In a 1975 essay, art historian George Raphael Small admirably commends María’s serigraphs:
In Martínez’s work the stark simplicity of the forms masks the complexity of the color. His widow learned this first-hand when she undertook to reproduce the prints of his studies by silkscreen (although she had never previously done any art work). Mrs. Martínez did astonishing and inspired work which somehow made up for her lack of background, training herself as she went along, incredible as it seems. She reports that she used as many as sixty-four screens for one study, thirty-eight for another.8
The complexity of her endeavor is genuinely profound: not only did María master a complex printmaking technique, she also carefully captured and preserved the intention behind her husband’s work — his ardent celebration of Mexico’s people and culture. In the few historical references made to María’s work, her serigraphs are acknowledged as “astonishingly true.” The “remarkable likeness” that she was able to achieve is, in fact, so skillful that her prints have often been mistaken for original Alfredo Ramos Martínez drawings. And while María made sure that Alfredo’s underscored signature was always legibly reproduced — these were, after all, reproductions — she did sign her name in pencil in the lower left corner of the prints, a small recognition of her own artistry.9
Attentively working to secure her husband’s legacy, María unexpectedly left her own mark on the Southern California printmaking community. In 1951, María taught Corita Kent the basic techniques of serigraphy.10As a member of a progressive religious community and teacher in Immaculate Heart College’s legendary art program, Corita had been struggling to learn serigraphy on her own when a student suggested she meet “Mrs. Martínez.” Corita later recalled, “So she came over and in an afternoon just told me all she knew. She showed me some things, and that was really all you needed to know. It’s a very simple process.”11That very simple process empowered Corita’s unmistakable art practice. Along with the Pop Art artists of the 1960s, Corita’s bold and colorful prints incorporating advertising images, political slogans, poetry, and photographs transformed silkscreening from “a sign painter’s medium” into a popular art form. As a teacher dedicated to democratic forms of printmaking, Corita prioritized silkscreening in her classroom. Among her students was Sister Karen Bocallero,12who went on to co-found Self-Help Graphics — the influential organization that brought printmaking to the Chicano/a and Latinx communities in East Los Angeles and helped launch the careers of countless artists and activists.

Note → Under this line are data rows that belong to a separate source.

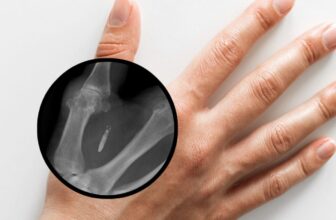 Necessary Subcutaneous Microchips for Staff Might Quickly Be Banned in Washington State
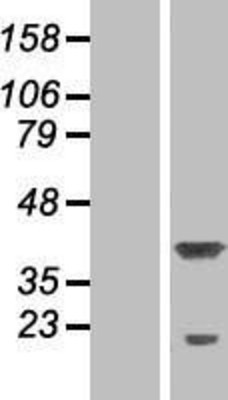 Western Blot: P15RS Overexpression Lysate (Adult Normal) [NBP2-06863] Left-Empty vector transfected control cell lysate (HEK293 cell lysate); Right -Over-expression Lysate for P15RS.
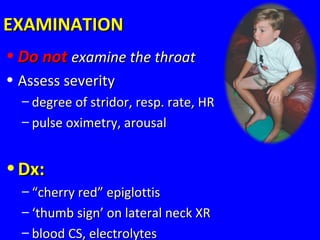 EXAMINATIONEXAMINATION
• Do notDo not examine the throatexamine the throat
• Assess severityAssess severity
– degree of stridor, resp. rate, HRdegree of stridor, resp. rate, HR
– pulse oximetry, arousalpulse oximetry, arousal
• Dx:Dx:
– ““cherry red” epiglottischerry red” epiglottis
– ‘‘thumb sign’ on lateral neck XRthumb sign’ on lateral neck XR
– blood CS, electrolytesblood CS, electrolytes
 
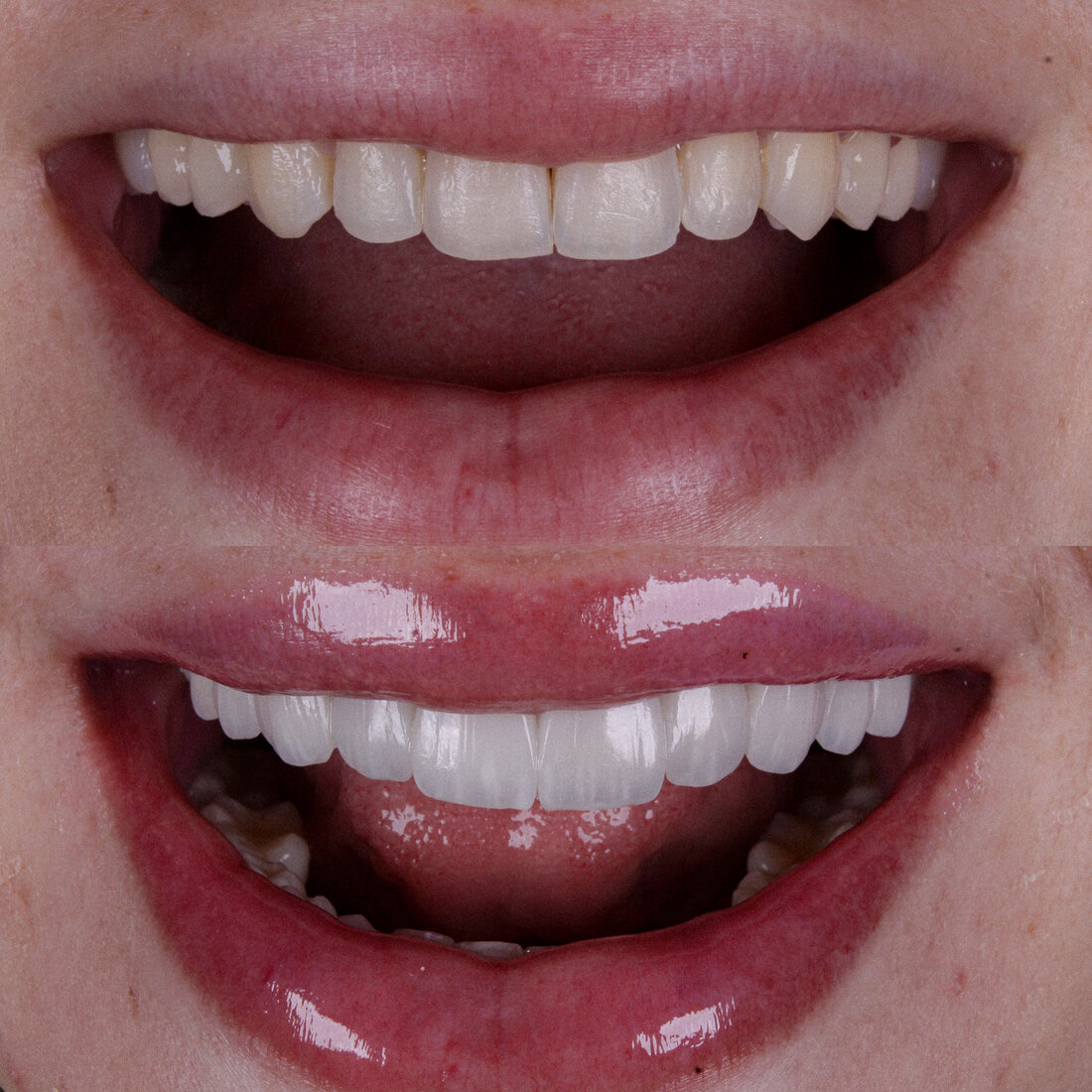 Antes e depois — Lentes de resina composta Método Coy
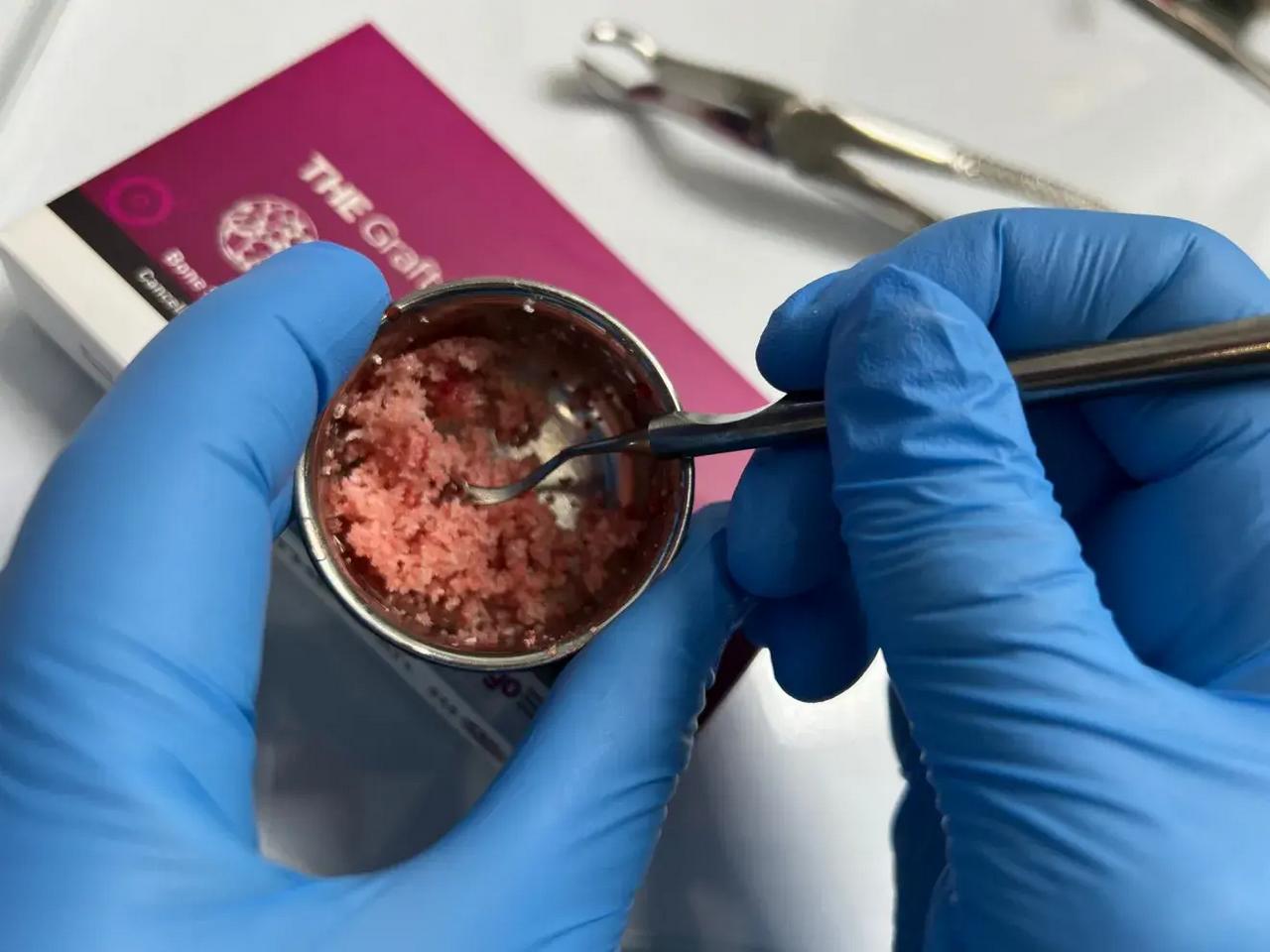 Синус-ліфтинг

It is significant that such a vital and ever-expanding history can be traced to María Sodi de Ramos Martínez creating prints in her Hollywood garage. This largely overlooked history reveals deeper connections between Mexican Modernism and Chicano/a Art and the influential contributions made by women to the history of printmaking in Southern California. Although it has been thirty-five years since María’s death, so much about her life and work, as well as Alfredo’s, remains unexamined. Nevertheless, what is evident is their remarkable resilience, the indisputable bond they shared, and their profound sense of artistic innovation. In the end, by promoting and preserving Alfredo’s legacy, María became an artist herself.